# Anybody else trying the 5:2 diet



## Klocky (Feb 6, 2013)

hello all, 

I started this diet 2 weeks ago and so far so good, however, on my "fasting" days I get a very upset stomach within about 15 minutes of eating my evening meal, so if anybody else is trying this diet I'd be very interested to know if anyone else is suffering similar problems.


----------



## megga (Feb 18, 2013)

I have been told that its not advisable for type 1's to go down this route, something to do with the 2 days fasting and liver kicking out glucose. Not sure about type 2's but keep us informed on your progress.


----------



## Northerner (Mar 6, 2013)

*Intermittent Fasting for Weight Loss, a Bad Idea*

A new diet has become all the rage in Britain and is now making landfall on our shores as well. It’s called the “Fast Diet” and millions of weight loss candidates already swear by it.

Like all commercial diet programs, this one promises quick results without much effort and little changes in established eating habits. Followers can eat anything they want for five days but then have to undergo a fasting period of 48 hours where they cannot consume more than 500 to 600 calories per day.

The authors, Dr. Michael Mosley, a medical journalist, and Mini Spencer, a food and fashion writer, claim they both have experienced amazing weight loss successes themselves while experimenting with various forms of intermittent fasting. They also believe their approach can promote overall health and even longevity.

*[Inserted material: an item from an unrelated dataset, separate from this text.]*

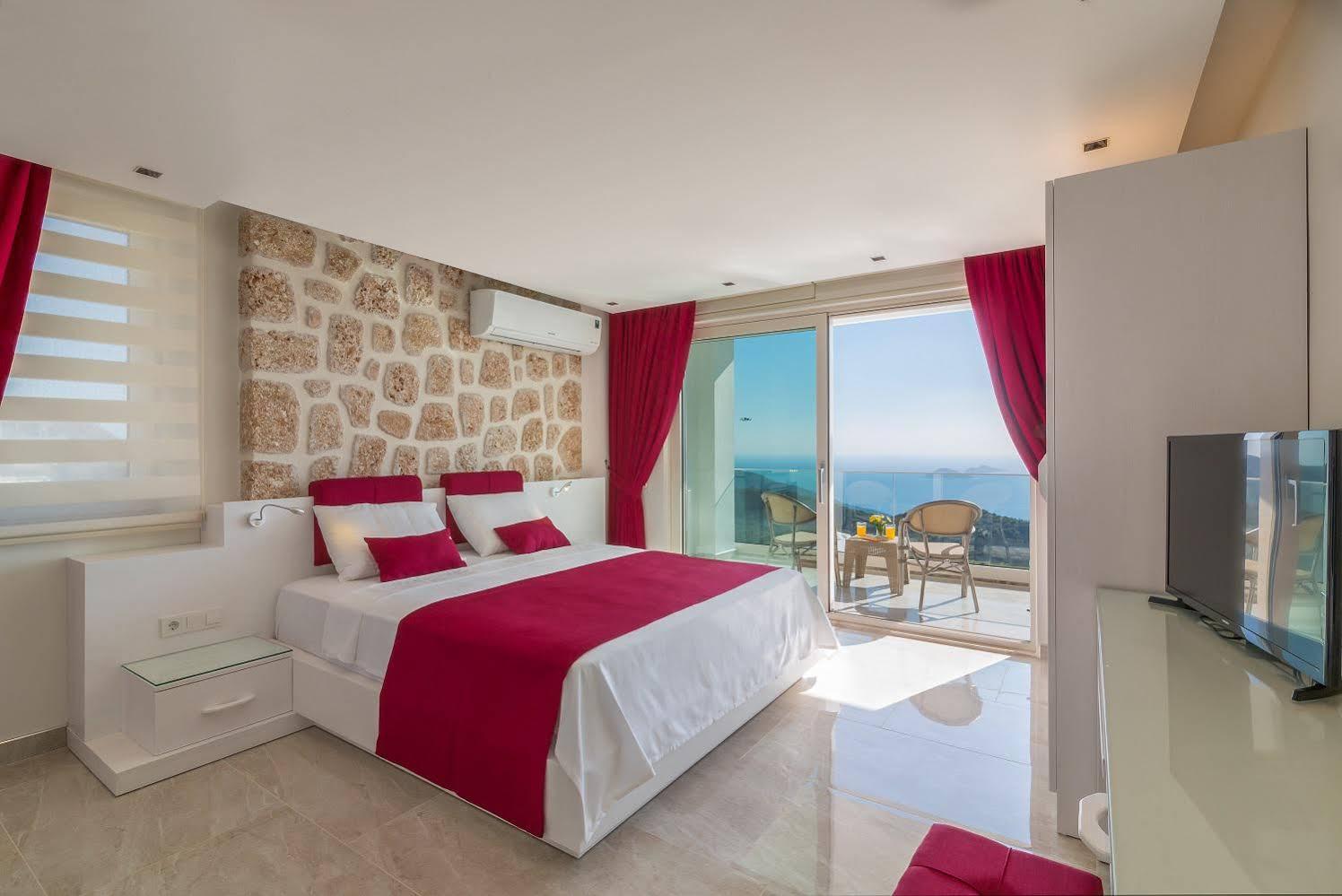 Villa La Mer Azur Kalkan Exteriör bild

http://blog.seattlepi.com/timigusta...ermittent-fasting-for-weight-loss-a-bad-idea/

(news article, but placed here as relevant)


----------



## yorksman (Mar 10, 2013)

5:2 fasting is a less harsh development of Alternate Day Fasting which is in turn a relaxation of a severe fasting diet called Calorie Restriction, about 600 cals per day. The primary objective of CR is not weight loss but to increase longevity by slowing the ageing process and reducing the possibility of developing various cancers.

The evidence for Calorie Restriction is better than for Alternate Day Fasting.

Alternate-day fasting and chronic disease prevention: a review of human and animal trials

Evidence for increased longevity with the 5:2 diet is even less clear. However interest in weight loss was sparked when it was discovered that on non fasting days, people only ate 125% of their normal intake. It had been assumed that they may eat much more after a fast day. Overall, they eat less in a week on this diet.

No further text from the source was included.